Esse tipo de solução, que é uma das mais fáceis de serem implantadas e que trazem em seu bojo a ideia de “geração alternativa de energia”, não está agradando grande parte da população e tem gerado cada vez mais novos protestos. Conforme já comentamos em uma postagem anterior, a queima de resíduos sólidos gera um verdadeiro coquetel de gases tóxicos.

Entre esses gases destacam-se as dioxinas e os furanos, moléculas altamente tóxicas que se formam espontaneamente a partir da queima dos materiais. Segundo as citações de alguns especialistas, “as dioxinas são as moléculas mais tóxicas já criadas pela humanidade”. 

No Japão, um dos países mais industrializados do mundo e que há várias décadas se vale de centrais para incineração de parte dos seus resíduos sólidos, as emissões involuntárias de dioxinas e de furanos nos incineradores causam enormes preocupações na população e nas autoridades, apesar de todo o rigor nos processos e do uso de filtros nas chaminés. Agora imaginem o que poderá acontecer com incineradores de resíduos construídos e operados por russos.

Aqui não há nenhum tipo de discriminação contra os russos – muito pelo contrário, tenho profundo respeito e admiração por esse povo.

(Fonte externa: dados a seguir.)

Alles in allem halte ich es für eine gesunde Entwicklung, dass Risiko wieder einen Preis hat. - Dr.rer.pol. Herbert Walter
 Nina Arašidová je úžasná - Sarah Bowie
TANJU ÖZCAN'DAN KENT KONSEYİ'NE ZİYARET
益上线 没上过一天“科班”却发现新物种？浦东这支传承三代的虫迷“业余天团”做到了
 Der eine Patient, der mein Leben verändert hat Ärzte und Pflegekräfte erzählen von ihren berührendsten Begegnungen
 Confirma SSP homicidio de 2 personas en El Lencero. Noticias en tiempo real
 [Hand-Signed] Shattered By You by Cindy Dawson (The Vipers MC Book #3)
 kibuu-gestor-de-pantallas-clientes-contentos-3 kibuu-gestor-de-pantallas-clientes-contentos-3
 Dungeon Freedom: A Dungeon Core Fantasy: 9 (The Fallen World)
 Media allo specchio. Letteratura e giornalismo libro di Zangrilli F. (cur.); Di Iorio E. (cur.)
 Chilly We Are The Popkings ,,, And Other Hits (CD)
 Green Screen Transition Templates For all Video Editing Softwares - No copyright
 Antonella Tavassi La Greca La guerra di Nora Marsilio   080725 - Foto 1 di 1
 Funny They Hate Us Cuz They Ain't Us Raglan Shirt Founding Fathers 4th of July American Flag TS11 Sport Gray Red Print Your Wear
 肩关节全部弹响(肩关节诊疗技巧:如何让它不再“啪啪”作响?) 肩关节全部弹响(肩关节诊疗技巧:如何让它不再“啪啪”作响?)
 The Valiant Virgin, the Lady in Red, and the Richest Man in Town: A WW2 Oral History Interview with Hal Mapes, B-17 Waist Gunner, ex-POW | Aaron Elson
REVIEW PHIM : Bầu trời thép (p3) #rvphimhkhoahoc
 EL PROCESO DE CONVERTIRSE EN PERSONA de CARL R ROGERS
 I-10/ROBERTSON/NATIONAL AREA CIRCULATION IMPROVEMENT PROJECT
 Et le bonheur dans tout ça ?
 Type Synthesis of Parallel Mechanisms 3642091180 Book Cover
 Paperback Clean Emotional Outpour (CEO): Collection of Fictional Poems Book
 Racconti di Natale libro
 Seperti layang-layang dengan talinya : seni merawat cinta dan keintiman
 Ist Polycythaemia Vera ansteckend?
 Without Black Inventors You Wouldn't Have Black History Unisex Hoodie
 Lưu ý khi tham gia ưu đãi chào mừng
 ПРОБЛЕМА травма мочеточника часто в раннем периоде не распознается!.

A questão é de tecnologia e de um longo histórico de falhas em procedimentos operacionais, herança dos antigos tempos do regime comunista. Uma lembrança fácil é o trágico acidente com a usina nuclear de Chernobil, na Ucrânia, em 1986, onde uma sucessão de falhas em equipamento e nos procedimentos dos funcionários resultaram no maior acidente nuclear da história humana.

Enquanto as soluções não aparecem, os problemas continuam sendo “acumulados” e os moscovitas seguem sofrendo com uma infinidade de problemas ambientais. 

Continuamos na próxima postagem.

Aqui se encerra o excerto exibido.